With less than a week left before Greek citizens cast their ballots in the second batch of national elections held this year, the tension surrounding the outcome of the voting is growing. In essence, the ballot is a straightforward poll on whether Greece will remain part of the Eurozone, with the Syriza party arguing that if the price of membership in the single currency community is draconian austerity measures, then the answer is “no.”
Given the uncertainty surrounding the outcome, with Syriza running neck-and-neck with Pasok – the center-right party that views keeping to the terms of the bailout agreement as the lesser of two evils – it’s hardly surprising that EU policymakers this weekend moved to contain any further damage in the country that is clearly the next domino: Spain.

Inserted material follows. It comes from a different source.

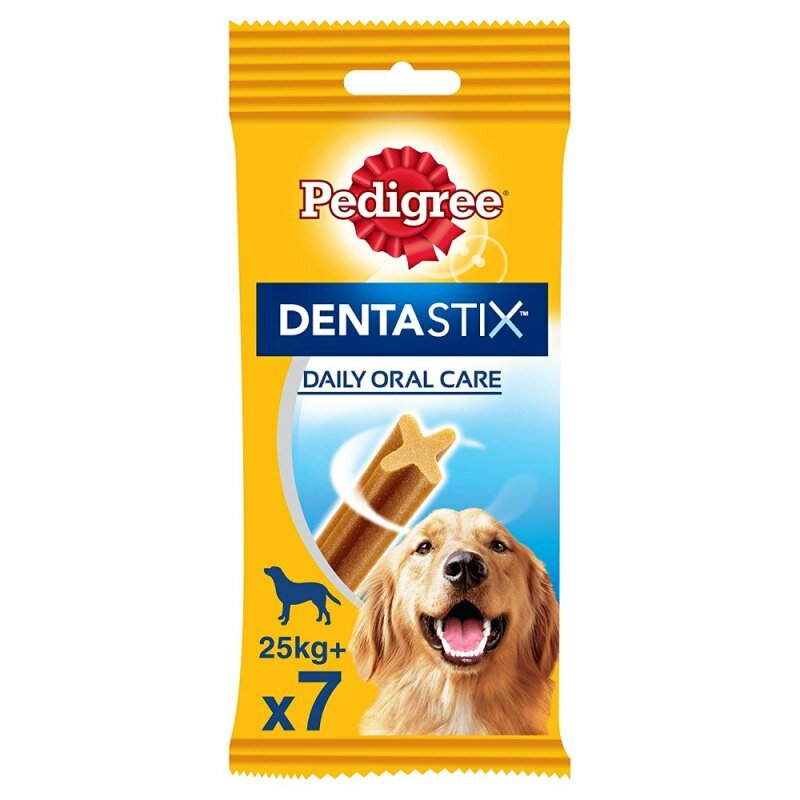 Лакомство для собак Pedigree Denta Stix для крупных пород, 270 г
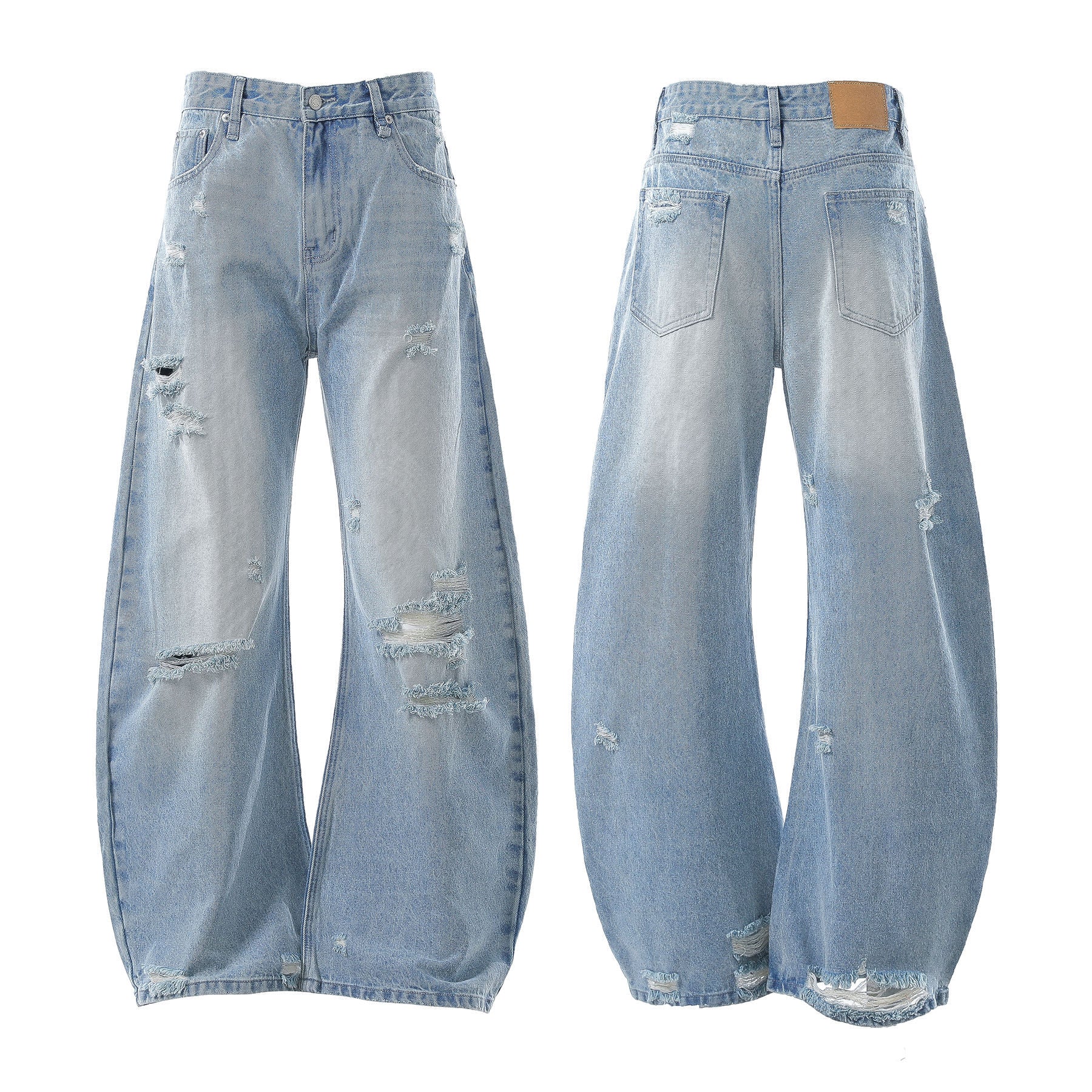 Jean slim délavé bleu premium à effet vieilli pour homme - MarkoFit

Leaders in Madrid finally gave up on efforts to save their own banking system from collapse, and threw themselves on the mercy of the 17-member Eurozone, seeking an international bailout. The result – the product of an emergency conference call meeting – is a bailout package for Spanish banks that could be worth as much as €100 billion ($125 billion). That makes Spain the fourth Eurozone economy to have received a bailout in recent years (following Greece, Ireland and Portugal) – and by far the largest.
Until now, Spain had tried to avoid a Eurozone bailout and restructure its banks using its own resources. But as the new Greek election loomed large on the horizon, and financial markets became far more turbulent, it was clear that their efforts were in vain. The country’s housing market meltdown has left Spanish financial institutions grappling with what some have calculated to be as much as €175 billion in problematic real estate lending.
RELATED: Spain Cuts a Deal: How Short Is the Leash?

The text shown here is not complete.